As Paratus closes its jack-up shop, Borr Drilling’s Mexican JV welcoming five rigs

Business & Finance

Fontis Finance, an indirect subsidiary of Bermuda-headquartered Paratus Energy Services, is offloading its drilling operations and jack-up fleet to Proyectos Globales de Energía y Servicios CME (CME) and BC Ventures, a newly established 50/50 joint venture between subsidiaries of Bermuda-based Borr Drilling and CME as its long-term well construction partner in Mexico.

A jack-up rig
Courageous jack-up rig; Source: Fontis Energy

Paratus Energy Services, which revealed the sale of its jack-up business, explains that the divestment is structured through two inter-conditional transactions, whereby Proyectos Globales de Energía y Servicios CME will acquire the Fontis Mexican operations for cash consideration, while CME and Borr, through a jointly owned acquisition vehicle, will acquire Fontis’ Singaporean rig owning entities for a combination of cash and seller’s credit.

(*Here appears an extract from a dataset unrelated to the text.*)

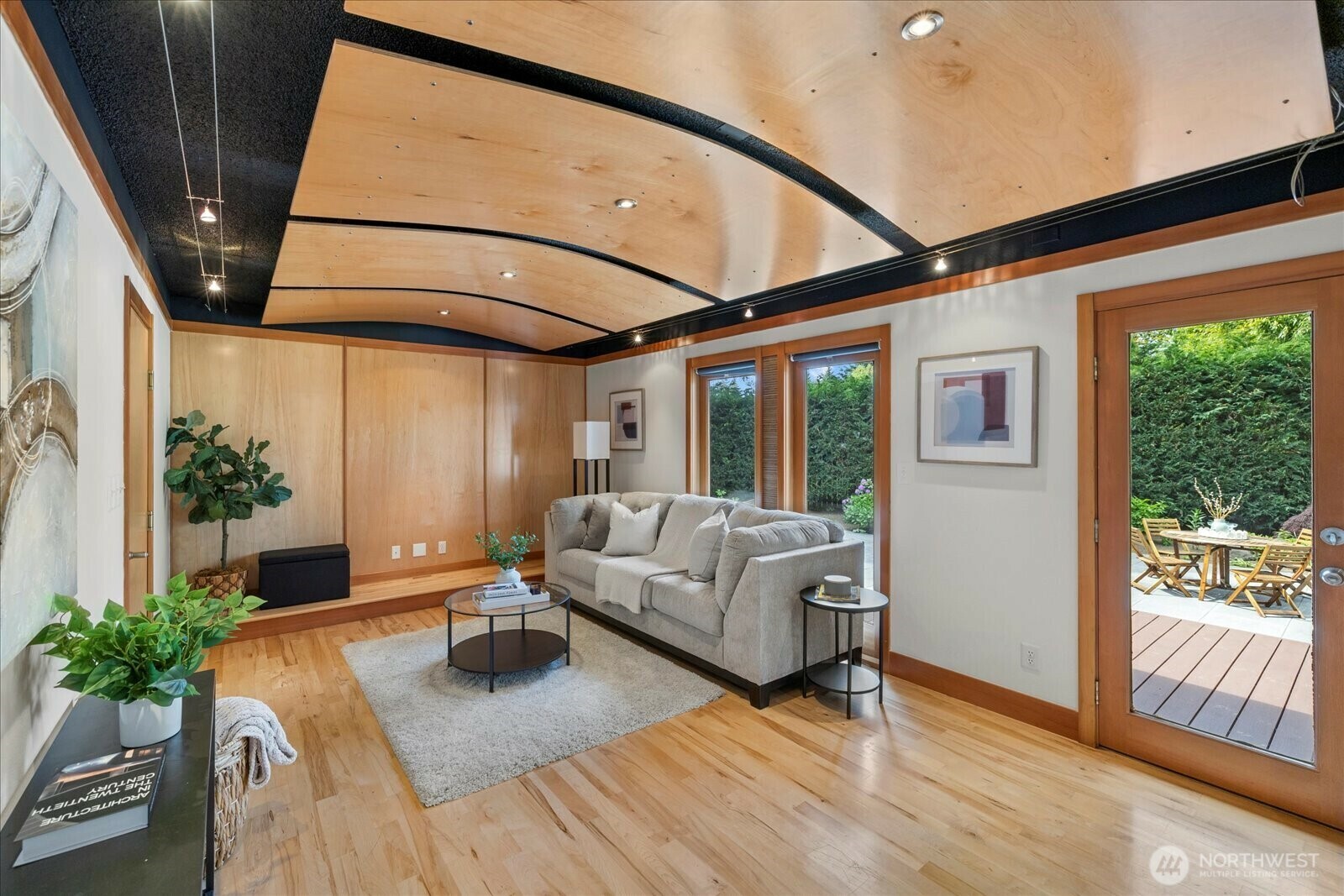 Property Photo:  10515  171st Avenue NE  WA 98052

After Paratus become the owner of Fontis in 2022 and up until closing of the transaction, the ompany will have overseen the distribution of approximately $760 million of asset value from its subsidiary to stakeholders, of which $219 million was distributed to creditors in 2022 and 2023, and approximately $541 million will have been distributed to the firm itself, including the consideration to be received under the divestment.

Robert Jensen, CEO of Paratus, commented: “Today’s announcement marks a significant milestone in Paratus’ strategic evolution. Since 2022, we have successfully transformed Fontis into a strong, debt-free platform and crystallized more than $760 million for our stakeholders.

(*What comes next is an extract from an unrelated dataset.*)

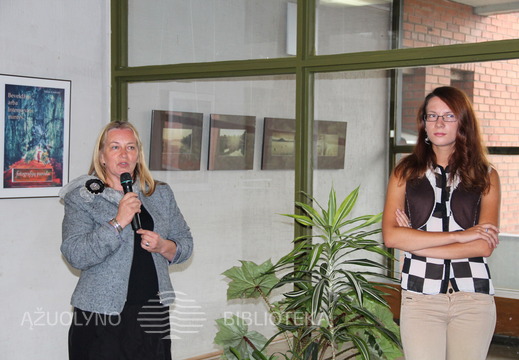 Parodos atidarymo akimirka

“With this transaction, we take a decisive step toward becoming a leading pure-play PLSV company of scale. Supported by a fully contracted fleet, strong cash flow visibility and a flexible balance sheet, we are well positioned to deliver sustainable shareholder distributions while actively pursuing attractive growth opportunities.”

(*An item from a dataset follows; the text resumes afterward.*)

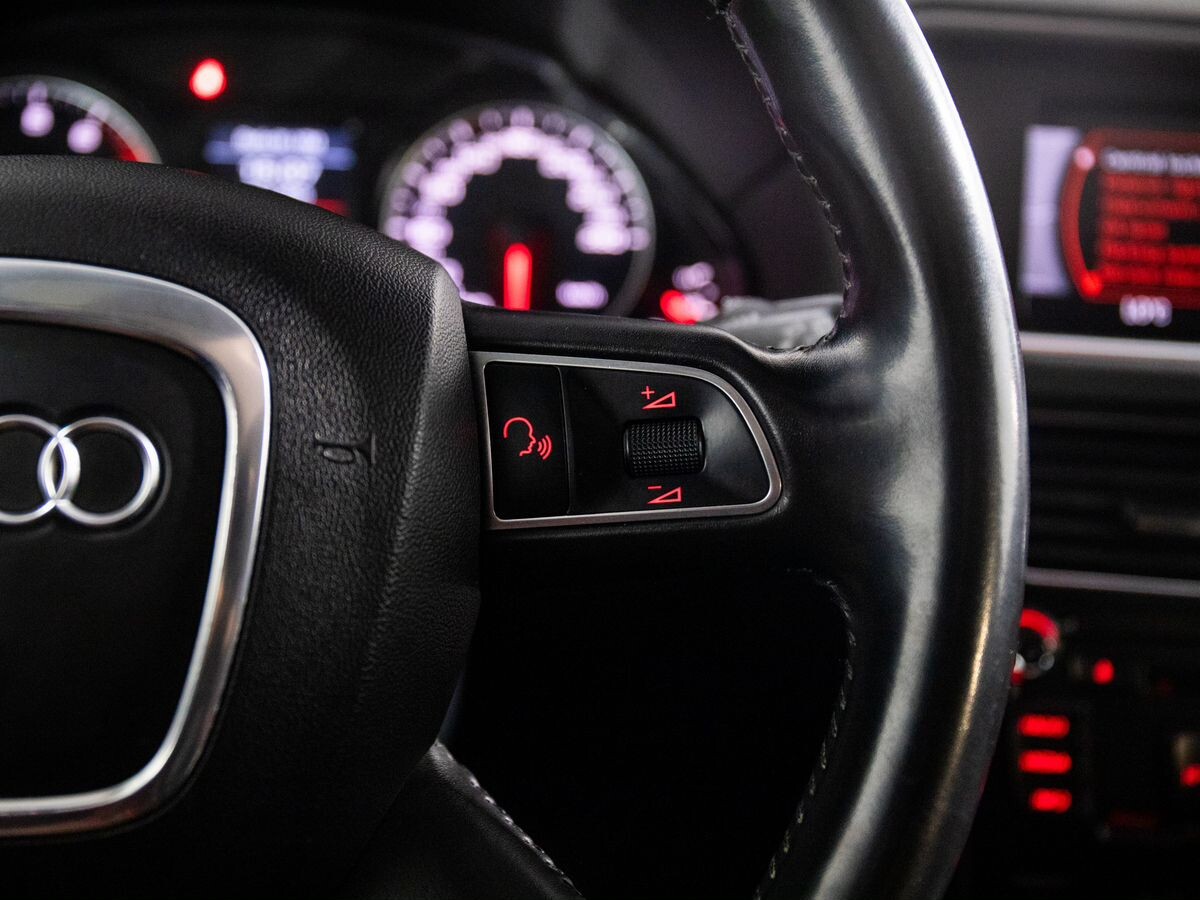 Audi Q5 2010 - фото автомобиля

Paratus has overseen Fontis’ separation from Seadrill, organizational build-up, full repayment of external financial debt, and significant progress on collecting outstanding receivables. Building on this progress, the firm believes these assets would benefit from being part of a larger jack-up industry platform to compete more effectively.

As a result, the company is convinced that Borr and CME represent a strong industrial home for the assets being sold, with an established presence in Mexico and international access. The divestment of Fontis represents another step for Paratus towards enhanced strategic and financial flexibility, in continuation of the company’s divestment of its holdings in Archer during Q3 2025.

Mei Mei Chow, Chairperson of Paratus, remarked: “This transaction reflects the continued delivery on the strategic direction set at the outset of the formation of Paratus in 2022, to create and deliver positive returns to our shareholder.

“With two successful divestments completed, the company has taken important steps toward becoming a simpler, more focused business with a stronger financial foundation. The board is very pleased with the progress achieved and will continue to steer the company in building and realising value for shareholders.”

The transaction is expected to significantly improve the operational risk profile by reducing exposure to payment irregularities, potential contract suspensions, and re-contracting uncertainty in Mexico. While portraying itself as the world’s only pure play PLSV business of scale, the firm underlines that it will at closing be backed by a fully contracted fleet, which today has multi-year contracts in a resilient and infrastructure-linked segment, providing enhanced long-term earnings visibility.

The transaction is subject to customary closing conditions, including requisite consent from its 2029 bondholders and competition clearance in Mexico. Subject to timely satisfaction of the conditions, closing is expected to be completed during H2 2026. The deal is subject to a long stop date of six months from the date of signing, which is extendable by up to 60 days in increments of 30 days, subject to certain terms and conditions.

Thanks to this acquisition, Borr Drilling’s joint venture will acquire the rig-owning entities, which own two Friede & Goldman JU-2000E design rigs and three LeTourneau Super 116-C design rigs. These five rigs are currently located in Mexico. The transaction is expected to be financed through a $237 million non-recourse seller’s credit, in addition to a cash contribution of $25 million from the offshore drilling player and its local partner at closing.

The seller’s credit will have a 2.5-year maturity from the date of closing and will be secured by, among other things, a first lien on the five jack-up rigs. The transaction is expected to close within Q3 2026, subject to customary closing conditions, including merger control approvals.

Bruno Morand, Borr Drilling’s CEO, underlined: “We are pleased to execute this acquisition alongside our longstanding partner. Together, we have built a strong brand with a proven operational track record in Mexico. These rigs are being acquired at an attractive valuation and at a lower debt per rig and cash breakeven level than our existing fleet.

“We continue to see shallow-water rigs as strategically important for our customers, particularly at a time when security of energy supply and reliability of execution are of heightened importance. In the current environment, we expect demand for jack-up rigs to increase, and the acquisition of these units positions us well to capture future opportunities in Mexico and globally.”